Definitions according to the book Developmental Dynamics of Virgin Forest Reserves in the Czech Republic I (Tomáš Vrška et al.) Academia 2002:
Bent - Heavily bent stems, e.g. due to the slope displacement, etc.
Breakage - A still living tree with a part of the main stem missing. Its height is measured from 1.5 m upwards.
Burr - Any unnatural formation of tumorous, myomatic, etc. origin on the stem.
Dead standing tree - An entirely dead standing tree with the preserved main stem.
Five-stem tree - An individual with five stems.
Four-stem tree - An individual with four stems.
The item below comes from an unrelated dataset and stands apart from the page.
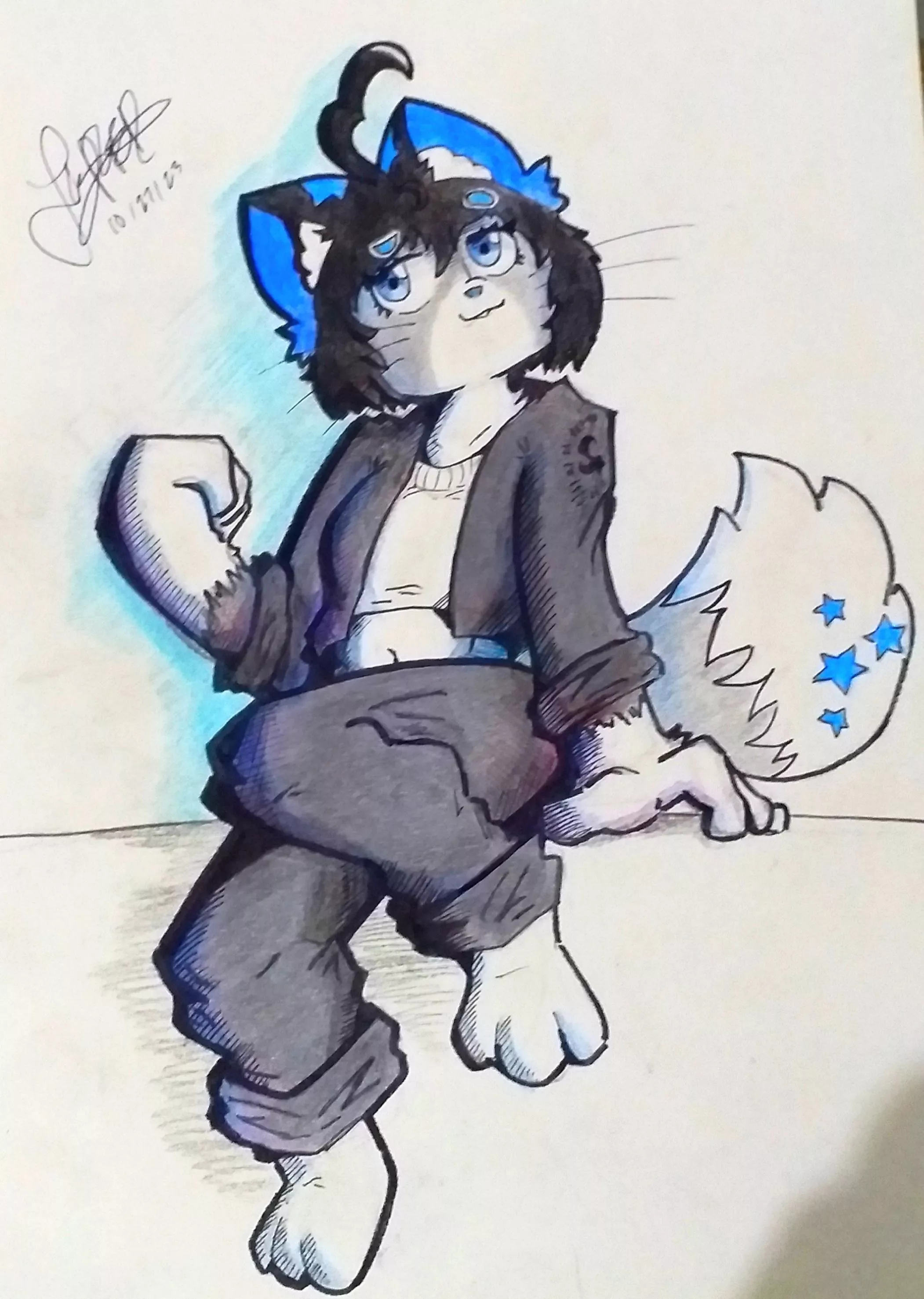 Told a friend of mine to draw her fursona and so i did...(art by me)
Lying stem - A lying main tree stem or its part without the root system. There are three stages of disintegration distinguished in the lying stems as follows:
- hard (the species is still recognizable, usually with bark and relatively healthy, hard wood);
- touchwood (the species usually still can be idetified, the wood is not compact along entire stem length; either the core or outer mantle (in trees that fell down healthy by for example wind and are in the contact with the soil environment) are rotting, falling rough bark);
- disintegrated (the wood at an advanced stage of rottening, the species cannot be identified, a kick into the stem results in stem breakage, often only just "little graves" with the patch vegetation).
Natural forest - A forest developed through natural processes but influenced by man in the past (especially by selective cutting and by grazing, not by planting or sowing). Its species composition and spatial structure usually correspond to the site conditions and might also differ at sporadic places, e.g. due to the spontaneous development under modified conditions (e.g. after some parts of the forests were stumped in the medieval times and then left to their further long-term spontaneous development).
Near-natural forest - A forest whose species composition usually corresponds to the site conditions but whose spatial structure is simpler than that of the original natural forest. These stands developed under the influence of man and their condition could have been deliberately achieved by man. The spontaneous development was being controlled for a long time and traces of this control are still visible (extraction of dead wood, logging, tending measures, etc.).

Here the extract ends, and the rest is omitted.